Goal of the exercise: Every line in the entries where "Floor" is found should be copied.

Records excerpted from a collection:
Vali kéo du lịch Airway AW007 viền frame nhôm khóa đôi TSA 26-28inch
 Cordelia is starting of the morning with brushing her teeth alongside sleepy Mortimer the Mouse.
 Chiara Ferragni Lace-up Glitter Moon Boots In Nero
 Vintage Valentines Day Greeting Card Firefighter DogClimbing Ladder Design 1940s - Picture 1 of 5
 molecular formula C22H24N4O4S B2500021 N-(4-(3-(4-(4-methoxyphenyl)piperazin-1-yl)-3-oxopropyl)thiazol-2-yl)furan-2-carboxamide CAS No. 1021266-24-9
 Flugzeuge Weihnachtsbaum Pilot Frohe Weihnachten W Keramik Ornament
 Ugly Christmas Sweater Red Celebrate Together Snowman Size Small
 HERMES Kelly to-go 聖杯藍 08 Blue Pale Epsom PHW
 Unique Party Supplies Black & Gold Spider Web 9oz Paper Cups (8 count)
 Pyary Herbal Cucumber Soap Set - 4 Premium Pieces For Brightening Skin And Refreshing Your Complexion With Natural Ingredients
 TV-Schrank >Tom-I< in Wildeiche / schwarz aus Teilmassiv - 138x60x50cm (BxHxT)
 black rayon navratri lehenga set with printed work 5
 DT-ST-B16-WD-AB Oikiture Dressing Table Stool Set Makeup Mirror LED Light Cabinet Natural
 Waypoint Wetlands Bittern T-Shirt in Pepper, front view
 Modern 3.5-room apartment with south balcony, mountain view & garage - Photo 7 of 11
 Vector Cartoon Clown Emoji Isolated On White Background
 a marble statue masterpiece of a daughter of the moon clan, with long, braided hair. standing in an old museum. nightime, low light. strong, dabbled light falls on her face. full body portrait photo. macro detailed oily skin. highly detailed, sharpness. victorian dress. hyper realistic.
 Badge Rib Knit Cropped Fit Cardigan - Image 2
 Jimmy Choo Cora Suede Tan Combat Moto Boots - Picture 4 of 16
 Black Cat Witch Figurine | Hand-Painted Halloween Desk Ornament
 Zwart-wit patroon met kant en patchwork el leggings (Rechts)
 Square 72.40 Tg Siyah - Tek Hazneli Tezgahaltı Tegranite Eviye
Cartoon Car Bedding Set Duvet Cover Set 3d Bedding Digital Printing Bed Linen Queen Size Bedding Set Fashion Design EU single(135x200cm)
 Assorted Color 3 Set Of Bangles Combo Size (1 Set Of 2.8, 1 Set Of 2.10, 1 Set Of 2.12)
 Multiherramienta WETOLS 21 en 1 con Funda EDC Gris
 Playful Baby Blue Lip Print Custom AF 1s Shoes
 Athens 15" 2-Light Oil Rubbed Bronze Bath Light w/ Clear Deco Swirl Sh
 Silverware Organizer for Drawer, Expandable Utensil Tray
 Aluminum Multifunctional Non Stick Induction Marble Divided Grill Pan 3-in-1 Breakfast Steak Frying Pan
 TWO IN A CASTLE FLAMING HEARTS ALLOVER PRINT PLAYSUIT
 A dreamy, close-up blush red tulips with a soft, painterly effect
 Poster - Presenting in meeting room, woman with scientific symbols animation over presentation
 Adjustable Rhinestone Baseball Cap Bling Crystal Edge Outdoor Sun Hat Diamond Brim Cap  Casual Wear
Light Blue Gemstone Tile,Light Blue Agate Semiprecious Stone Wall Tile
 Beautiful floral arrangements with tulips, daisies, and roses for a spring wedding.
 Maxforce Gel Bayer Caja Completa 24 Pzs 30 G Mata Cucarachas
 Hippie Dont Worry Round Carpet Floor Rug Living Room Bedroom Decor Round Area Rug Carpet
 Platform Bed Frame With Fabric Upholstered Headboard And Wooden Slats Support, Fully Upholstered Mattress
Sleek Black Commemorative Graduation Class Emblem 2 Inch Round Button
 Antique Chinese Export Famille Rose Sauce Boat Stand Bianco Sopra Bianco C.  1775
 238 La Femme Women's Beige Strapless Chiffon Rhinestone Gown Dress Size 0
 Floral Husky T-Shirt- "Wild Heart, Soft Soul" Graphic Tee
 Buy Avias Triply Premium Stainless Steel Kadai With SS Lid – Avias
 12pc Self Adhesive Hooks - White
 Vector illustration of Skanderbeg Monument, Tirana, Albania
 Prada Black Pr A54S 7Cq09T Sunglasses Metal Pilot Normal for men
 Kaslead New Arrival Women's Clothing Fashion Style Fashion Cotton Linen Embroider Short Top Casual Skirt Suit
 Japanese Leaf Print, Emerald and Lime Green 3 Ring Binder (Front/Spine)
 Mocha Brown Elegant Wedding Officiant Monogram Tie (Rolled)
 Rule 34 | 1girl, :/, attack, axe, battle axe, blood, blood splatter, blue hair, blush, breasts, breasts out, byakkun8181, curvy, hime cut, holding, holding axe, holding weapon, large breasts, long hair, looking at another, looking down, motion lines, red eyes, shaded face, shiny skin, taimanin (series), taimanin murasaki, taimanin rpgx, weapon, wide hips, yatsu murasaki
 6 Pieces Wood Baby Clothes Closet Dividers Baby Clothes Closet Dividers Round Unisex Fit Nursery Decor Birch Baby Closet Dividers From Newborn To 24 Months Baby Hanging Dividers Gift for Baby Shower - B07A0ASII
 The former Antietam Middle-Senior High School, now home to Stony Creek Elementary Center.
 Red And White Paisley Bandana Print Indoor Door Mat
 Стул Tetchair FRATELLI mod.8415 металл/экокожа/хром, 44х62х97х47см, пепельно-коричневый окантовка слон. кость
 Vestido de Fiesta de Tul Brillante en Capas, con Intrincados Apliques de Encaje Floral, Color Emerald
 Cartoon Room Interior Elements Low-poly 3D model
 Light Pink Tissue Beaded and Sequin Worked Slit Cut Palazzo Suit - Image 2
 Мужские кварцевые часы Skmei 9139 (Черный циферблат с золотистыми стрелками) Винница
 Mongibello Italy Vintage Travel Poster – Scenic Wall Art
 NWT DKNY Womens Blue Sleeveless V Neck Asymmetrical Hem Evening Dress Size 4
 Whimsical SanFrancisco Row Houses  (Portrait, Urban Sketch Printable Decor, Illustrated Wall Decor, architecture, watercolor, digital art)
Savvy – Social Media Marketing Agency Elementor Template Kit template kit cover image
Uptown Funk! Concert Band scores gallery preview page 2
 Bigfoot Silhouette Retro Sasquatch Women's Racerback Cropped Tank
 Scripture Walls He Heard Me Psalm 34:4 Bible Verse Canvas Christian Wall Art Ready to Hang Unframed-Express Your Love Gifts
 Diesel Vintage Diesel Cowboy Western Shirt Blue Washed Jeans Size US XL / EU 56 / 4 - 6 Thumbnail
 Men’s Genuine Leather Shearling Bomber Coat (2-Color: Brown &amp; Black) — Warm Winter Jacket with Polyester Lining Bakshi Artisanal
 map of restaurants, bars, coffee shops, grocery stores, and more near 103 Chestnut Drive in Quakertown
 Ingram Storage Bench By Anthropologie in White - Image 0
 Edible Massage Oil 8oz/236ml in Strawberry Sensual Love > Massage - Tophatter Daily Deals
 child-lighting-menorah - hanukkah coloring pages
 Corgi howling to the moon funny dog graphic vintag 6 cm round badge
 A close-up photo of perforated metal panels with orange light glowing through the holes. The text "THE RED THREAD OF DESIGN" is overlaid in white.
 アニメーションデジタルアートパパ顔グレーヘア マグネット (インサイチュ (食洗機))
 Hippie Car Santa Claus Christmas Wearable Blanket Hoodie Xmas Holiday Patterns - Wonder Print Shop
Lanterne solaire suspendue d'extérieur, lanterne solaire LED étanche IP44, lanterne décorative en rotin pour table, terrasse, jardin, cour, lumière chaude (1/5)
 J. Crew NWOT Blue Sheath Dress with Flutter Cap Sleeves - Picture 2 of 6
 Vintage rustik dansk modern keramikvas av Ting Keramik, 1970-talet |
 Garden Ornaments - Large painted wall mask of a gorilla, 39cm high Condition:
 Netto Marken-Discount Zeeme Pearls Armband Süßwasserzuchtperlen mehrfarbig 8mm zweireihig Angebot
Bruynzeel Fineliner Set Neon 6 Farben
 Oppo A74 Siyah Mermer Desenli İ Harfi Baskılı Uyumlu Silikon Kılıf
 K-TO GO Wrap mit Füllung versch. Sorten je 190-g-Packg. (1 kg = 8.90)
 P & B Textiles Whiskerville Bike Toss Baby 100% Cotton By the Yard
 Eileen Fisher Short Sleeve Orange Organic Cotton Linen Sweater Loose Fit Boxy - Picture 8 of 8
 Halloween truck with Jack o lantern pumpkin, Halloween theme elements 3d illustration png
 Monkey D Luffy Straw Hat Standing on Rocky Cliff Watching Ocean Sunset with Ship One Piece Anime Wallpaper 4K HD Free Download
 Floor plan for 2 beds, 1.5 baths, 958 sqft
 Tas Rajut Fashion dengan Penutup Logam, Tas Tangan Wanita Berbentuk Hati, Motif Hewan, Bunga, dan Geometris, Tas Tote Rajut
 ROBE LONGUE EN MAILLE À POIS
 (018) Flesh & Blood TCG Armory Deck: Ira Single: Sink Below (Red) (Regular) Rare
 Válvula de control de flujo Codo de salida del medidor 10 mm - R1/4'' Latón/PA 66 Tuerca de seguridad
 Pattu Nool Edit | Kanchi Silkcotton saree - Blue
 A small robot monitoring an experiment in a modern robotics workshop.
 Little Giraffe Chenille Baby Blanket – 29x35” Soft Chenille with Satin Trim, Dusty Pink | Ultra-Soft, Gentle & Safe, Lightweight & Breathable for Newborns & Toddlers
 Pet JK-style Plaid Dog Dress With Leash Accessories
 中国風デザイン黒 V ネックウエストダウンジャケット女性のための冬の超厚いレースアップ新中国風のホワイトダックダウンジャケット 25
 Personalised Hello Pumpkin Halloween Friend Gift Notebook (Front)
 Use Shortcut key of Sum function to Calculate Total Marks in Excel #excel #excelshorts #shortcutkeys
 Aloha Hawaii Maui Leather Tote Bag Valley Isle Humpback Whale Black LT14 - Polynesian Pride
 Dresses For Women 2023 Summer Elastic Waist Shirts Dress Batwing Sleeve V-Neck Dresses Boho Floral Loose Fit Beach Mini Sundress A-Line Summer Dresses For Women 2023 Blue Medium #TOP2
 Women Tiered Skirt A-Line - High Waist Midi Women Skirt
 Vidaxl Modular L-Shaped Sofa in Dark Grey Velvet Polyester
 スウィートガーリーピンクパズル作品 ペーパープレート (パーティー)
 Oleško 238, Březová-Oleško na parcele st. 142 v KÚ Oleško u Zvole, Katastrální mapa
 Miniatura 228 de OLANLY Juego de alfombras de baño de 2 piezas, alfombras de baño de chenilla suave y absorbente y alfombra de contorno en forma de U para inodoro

Solution to this problem:
 Hippie Dont Worry Round Carpet Floor Rug Living Room Bedroom Decor Round Area Rug Carpet
 Floor plan for 2 beds, 1.5 baths, 958 sqft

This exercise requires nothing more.